Aside from the odd choice of decades here — the neoliberal turn started in the 1970s, and what they were turning against was as much the product of the 1930s as it was the 1960s — that is more or less exactly the scheme in my article. 

So what is going on here? 

As I argued in my article, it's basically impossible nowadays to ignore the carnage wreaked by the neoliberal turn. Inequality is way, way up, growth is down, welfare reform increased extreme poverty by 150 percent, free trade helped wreck the American industrial base, and so on. Not all that is Democrats' fault of course, but they collaborated on most of them.
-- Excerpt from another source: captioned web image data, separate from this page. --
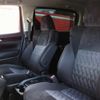 toyota alphard 2020 -TOYOTA--Alphard 3BA-AGH30W--AGH30-0320640---TOYOTA--Alphard 3BA-AGH30W--AGH30-0320640- image 16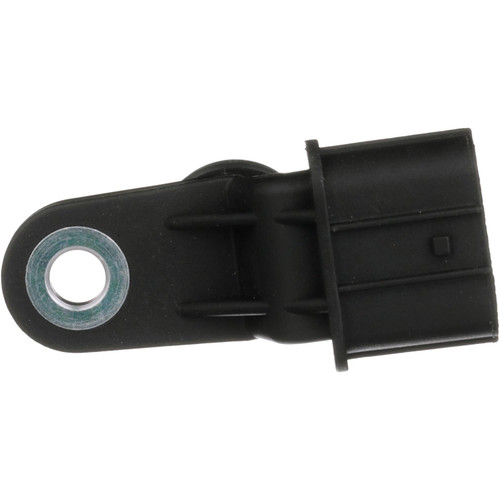 Standard Ignition Automatic Transmission Output Sensor SC233 - bottom view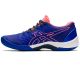 2. Buty do piłki ręcznej Asics Blast FF 2 W 1072A046 400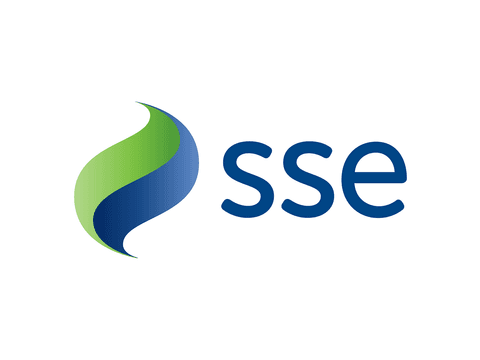 SSE logo Slider size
Especially since the rise of Black Lives Matter, the role of neoliberal Democrats like Joe Biden and the Clintons in stoking mass incarceration has come under severe criticism.

It's also clear that by far the greatest energy among Democrats is on the left. New Deal-ish Bernie Sanders is the most popular working politician in the country — and largely on the strength of gargantuan margins among the young. Just in the last few days, a brushfire outbreak of labor militancy has swept from West Virginia to Virginia and Oklahoma.
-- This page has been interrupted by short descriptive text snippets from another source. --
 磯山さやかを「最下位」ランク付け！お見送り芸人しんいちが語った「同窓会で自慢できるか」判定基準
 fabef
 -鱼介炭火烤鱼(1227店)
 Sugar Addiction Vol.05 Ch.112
These are trying circumstances for the advocates of education "reform" (and teacher union busting), means testing, and other such free-markety claptrap. So advancing a ridiculous revisionist history of Democratic Party ideology is, in the first place, a way to hide behind FDR's skirts, where one can continue to attack the left as interlopers instead of heirs to a legitimate tradition.

But that also makes it, partially at least, a tacit admission that the whole neoliberal project has failed. Even a warped version of 1930s-style policy would be a gigantic change from the Democratic status quo, no matter what bizarre label Chait and Watson try to pin on it. And it needs to happen, quite obviously, because the neoliberal turn was a disastrous mistake that needs to be reversed.


  1. Yes, but the issue is the professional class in America is still convinced that Obama and Clinton were great Presidents. It looks like it is going to have be the Young, and Urban & Rural Americans from the working class work to turn this ship around.